Now we get to where the user came from. You will likely have multiple sources per medium, and some sources could belong to more than one medium. In most cases, you’ll want to find a way to automate the source or use the default value from your ad platform. For example, Facebook provides the variable {{site source name}} which will dynamically pull in either “fb” or “ig” depending on where your ad served. If you cannot automate this value, using a template will make it easier to change sources for posts to social channels and other common link placements.


Email

Email can be difficult to define. You’ve already defined the medium as email, so saying “email” again for your source isn’t helpful nor is using the name of your newsletter if that’s the only value you will have as a source. This is where you must evaluate what is going to be valuable to your organization and advance you toward your business objectives.

Generally, you should use “email” as the medium for all emailed communication, regardless of who the sender is. Use the source to define the different email types, which could include “announce,” “presale,” “specialoffer,” “insider,” “thisweekinsports,” “gamepreview,” or “onsale.” As long as the type of email is clearly represented, you should be in a good place. However, when multiple entities are sending messages, you may want to add clarity between the organizations.


Athletics, Foundation, and University all sending traffic to the same site

If there are multiple entities sending emails with links pointing to the same site, aligning efforts across each organization will give a clear picture of which emails are most effective for driving traffic and different outcomes. Sources could be made general to designate the sender as “athletics,” “foundation,” or “campus,” but you might be better served appending the sender to the source, such as “ath-onSale,” “foundation-givingTues,” etc.


Arenas and Performing Arts Centers

Between resident organizations, tours, promoters, and your own efforts, you’re going to get some email traffic that doesn’t meet data standards you want to have. Do your best to provide direction and guidance to each group so they can most accurately adhere to your standards. Make sure to communicate the benefit to using the structure.

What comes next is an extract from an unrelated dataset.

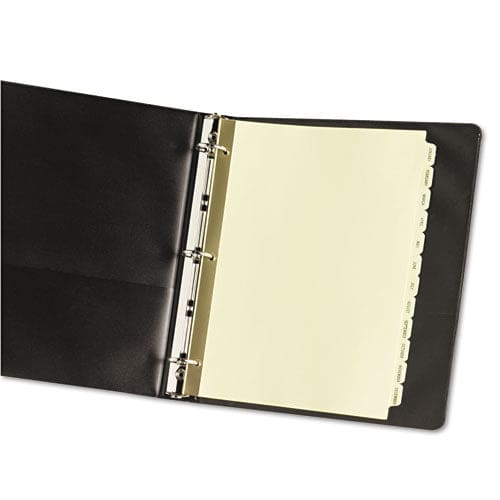 Avery Preprinted Laminated Tab Dividers With Gold Reinforced Binding Edge 12-tab Jan. To Dec. 11 X 8.5 Buff 1 Set - Office - Avery®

As for the actual structure, I’d recommend having a source specific to your regular newsletter as well as sources to represent the type of communication. If you’re sending a blast announcing a show, “announce” would be an appropriate term, the same goes for “presale,” “onsale,” and any “reminder” emails you send. If it is essential to know if the email traffic came from an entity other than your own, consider using the content variable to separate the traffic from those entities’ efforts or asking them to append the source value as suggested for Athletics. In this case, you could have “artist-announce” or “promoter-onSale” for those groups and “announce” and “onSale” for your internal efforts.


Sample Campaign Diagram

Below is a sample campaign diagram which could be used for a ticket sales campaign for nearly any event. This structure will allow you to combine all efforts under one campaign, and clearly see traffic and performance from those tactics.




Real World Example 

What could this look like when you stop theorizing and get real? Let’s take a look at how the University of Michigan structured their Hail From Home campaign. Before we dive in, Keith Bretzius, Michigan’s Director of Digital, has this to say about the importance and value of campaign tracking.


“Campaign tracking is an easy, yet impactful way to understand how fans are interacting with our content. By establishing a consistent campaign tracking structure, we can quickly evaluate and report on our marketing effort in Google Analytics to see what digital channels are effective. Campaign tracking not only helps measure our efforts, it also allows us to benchmark our digital performance for future marketing efforts.”

The primary goal of the Hail From Home campaign is to drive engagement with fans on and leading up to game days throughout the season, focusing on retaining existing fans, season ticket holders, and previous single-game purchasers. The campaign began with football, but is extending to men’s and women’s basketball as well as ice hockey. Knowing the campaign was not going to directly drive revenue and their primary audience is already familiar and likely engaged with the organization, they relied mainly on email and organic social content, but they also invested in paid social to ensure their intended audiences did not miss their message.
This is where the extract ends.